- Exercise instructions:
With both ends included, transcribe exactly the records below from their first line to the line that contains "Health Benefits of".

- Data to use:
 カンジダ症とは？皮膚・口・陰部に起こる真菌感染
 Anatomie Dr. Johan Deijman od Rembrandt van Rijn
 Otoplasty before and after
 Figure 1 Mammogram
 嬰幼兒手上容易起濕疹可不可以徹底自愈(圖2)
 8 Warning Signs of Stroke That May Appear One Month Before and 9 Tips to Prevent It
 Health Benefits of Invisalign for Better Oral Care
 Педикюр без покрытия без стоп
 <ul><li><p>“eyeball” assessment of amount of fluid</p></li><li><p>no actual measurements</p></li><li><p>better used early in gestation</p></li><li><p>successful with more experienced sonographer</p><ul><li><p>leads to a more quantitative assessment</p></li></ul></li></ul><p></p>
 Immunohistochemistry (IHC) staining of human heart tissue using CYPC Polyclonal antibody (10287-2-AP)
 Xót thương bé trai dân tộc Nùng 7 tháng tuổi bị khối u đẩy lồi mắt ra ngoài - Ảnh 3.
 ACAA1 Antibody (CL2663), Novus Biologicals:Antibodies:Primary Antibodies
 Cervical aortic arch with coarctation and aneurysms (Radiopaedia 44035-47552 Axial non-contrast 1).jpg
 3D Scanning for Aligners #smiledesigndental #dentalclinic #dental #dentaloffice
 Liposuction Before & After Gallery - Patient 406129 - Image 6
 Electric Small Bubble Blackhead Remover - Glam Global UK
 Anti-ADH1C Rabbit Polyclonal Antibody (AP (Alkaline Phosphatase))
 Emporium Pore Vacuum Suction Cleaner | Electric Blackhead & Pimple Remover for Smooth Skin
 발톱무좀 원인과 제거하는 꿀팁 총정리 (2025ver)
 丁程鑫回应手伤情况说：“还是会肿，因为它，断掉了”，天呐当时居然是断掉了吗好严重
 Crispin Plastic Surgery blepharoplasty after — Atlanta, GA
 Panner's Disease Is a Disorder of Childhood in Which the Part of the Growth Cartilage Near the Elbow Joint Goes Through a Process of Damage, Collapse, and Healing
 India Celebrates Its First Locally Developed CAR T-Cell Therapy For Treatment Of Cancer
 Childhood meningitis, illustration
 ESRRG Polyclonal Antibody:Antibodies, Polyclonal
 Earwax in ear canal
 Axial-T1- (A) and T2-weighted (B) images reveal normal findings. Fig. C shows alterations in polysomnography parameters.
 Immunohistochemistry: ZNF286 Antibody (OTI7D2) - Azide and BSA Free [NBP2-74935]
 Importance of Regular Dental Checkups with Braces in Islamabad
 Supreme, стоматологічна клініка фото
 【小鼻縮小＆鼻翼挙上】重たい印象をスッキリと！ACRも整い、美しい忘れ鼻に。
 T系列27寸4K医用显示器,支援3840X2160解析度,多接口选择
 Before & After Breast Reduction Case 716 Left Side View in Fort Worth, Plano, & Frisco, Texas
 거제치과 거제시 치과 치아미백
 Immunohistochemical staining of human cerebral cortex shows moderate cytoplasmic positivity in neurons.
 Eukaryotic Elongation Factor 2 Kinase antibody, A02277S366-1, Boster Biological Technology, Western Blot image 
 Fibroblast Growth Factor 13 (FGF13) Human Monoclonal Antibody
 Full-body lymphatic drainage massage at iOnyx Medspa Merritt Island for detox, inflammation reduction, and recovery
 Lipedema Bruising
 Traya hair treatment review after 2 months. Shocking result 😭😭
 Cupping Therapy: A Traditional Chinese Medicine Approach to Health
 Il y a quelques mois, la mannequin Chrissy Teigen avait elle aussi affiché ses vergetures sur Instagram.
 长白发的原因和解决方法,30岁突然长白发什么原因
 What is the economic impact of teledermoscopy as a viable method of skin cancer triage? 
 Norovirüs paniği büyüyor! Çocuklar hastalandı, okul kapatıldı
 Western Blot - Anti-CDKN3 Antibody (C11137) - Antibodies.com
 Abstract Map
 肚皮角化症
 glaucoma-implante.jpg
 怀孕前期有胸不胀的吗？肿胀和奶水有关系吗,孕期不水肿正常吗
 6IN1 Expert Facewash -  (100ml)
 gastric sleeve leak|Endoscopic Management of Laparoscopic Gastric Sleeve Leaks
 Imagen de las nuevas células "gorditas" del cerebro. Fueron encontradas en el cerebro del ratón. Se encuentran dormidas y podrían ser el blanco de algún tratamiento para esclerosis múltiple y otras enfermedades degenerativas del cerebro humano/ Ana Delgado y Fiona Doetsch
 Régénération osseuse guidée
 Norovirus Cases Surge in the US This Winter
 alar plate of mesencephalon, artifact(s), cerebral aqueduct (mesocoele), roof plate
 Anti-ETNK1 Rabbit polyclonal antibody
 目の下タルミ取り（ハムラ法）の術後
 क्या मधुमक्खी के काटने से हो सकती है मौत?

- Reply to the exercise:
 カンジダ症とは？皮膚・口・陰部に起こる真菌感染
 Anatomie Dr. Johan Deijman od Rembrandt van Rijn
 Otoplasty before and after
 Figure 1 Mammogram
 嬰幼兒手上容易起濕疹可不可以徹底自愈(圖2)
 8 Warning Signs of Stroke That May Appear One Month Before and 9 Tips to Prevent It
 Health Benefits of Invisalign for Better Oral Care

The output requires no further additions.